But, for a great number of many other measurements—“Do I get a valid value back?”, “What type of value do I get back?”, “Can I use the value without checking?”, “Can I run the function repeatedly and produce the same effect without allocating memory per call?”—the function call does produce the same cumulative effects. In those cases, it is a single effective codepath.

Questions vs. Answers

Another way to tackle this problem of per-new-codepath-work is to consider whether code introduces questions, and whether code introduces answers. Is code introducing entropy? Or is it introducing order?

One way of looking at code is to consider each point in a scope as having a single type, which is comprised of all of the types which have been introduced into the scope.

{
  int x = 0;           // struct { int }
  float y = 123.45f;   // struct { int, float }
  int z = 56;          // struct { int, float, int }
  Foo *foo = GetFoo(); // struct { int, float, int, Foo* }
  // ...
}

Only considering the type system, we can ask the question at each point in the scope—“does the scope contain type X with label Y?”

A declaration provides an answer to that question. In the above example, after the first declaration, if I ask “does the scope contain an int x?”, the declaration “answers my question”, and replies “yes”. That is an answer I can rely on.
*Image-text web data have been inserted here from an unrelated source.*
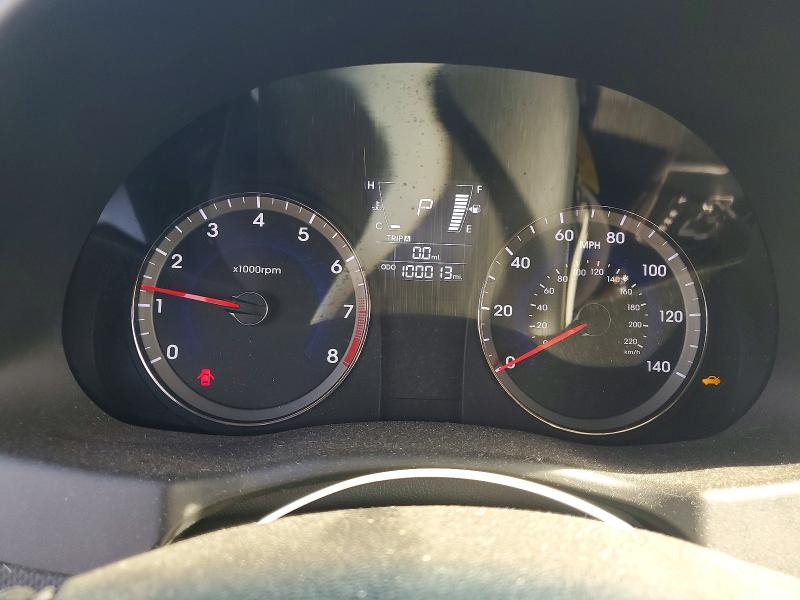 Photo 9 from auction – 2014 HYUNDAI ACCENT GLS with VIN KMHCT5AE1EU141702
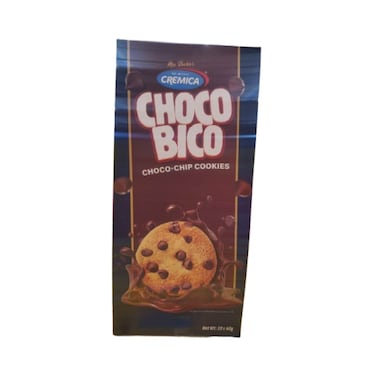 Cremica Choco Bico Choco-Chip Cookies 40 gr 10's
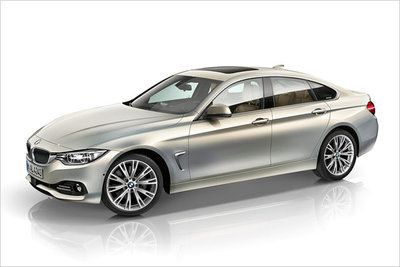 BMW 420 Gebrauchtwagen image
But a scope’s type at any point does not comprehensively represent the set of things we’d like to rely on in that scope. I can write statically typed code which guarantees many things about what types a scope receives, yet still guarantees almost nothing of value.

Consider the following:

enum ObjectKind
{
  ObjectKind_Foo,
  ObjectKind_Bar,
  ObjectKind_Baz,
};

struct Object
{
  ObjectKind kind;
  union
  {
    Foo foo;
    Bar bar;
    Baz baz;
  };
};

void Function(void)
{
  Object object = ...;
}

What has been guaranteed at the declaration site of object? In short, only that I have an ObjectKind. That is the only answer I’ve actually been guaranteed, at the time of writing the code, within the type system. Digging further—writing code which relies upon having a Foo, Bar, or Baz—requires my code to “ask more questions”, and figure out the answer myself. This requires me to segment my own code into even more codepaths.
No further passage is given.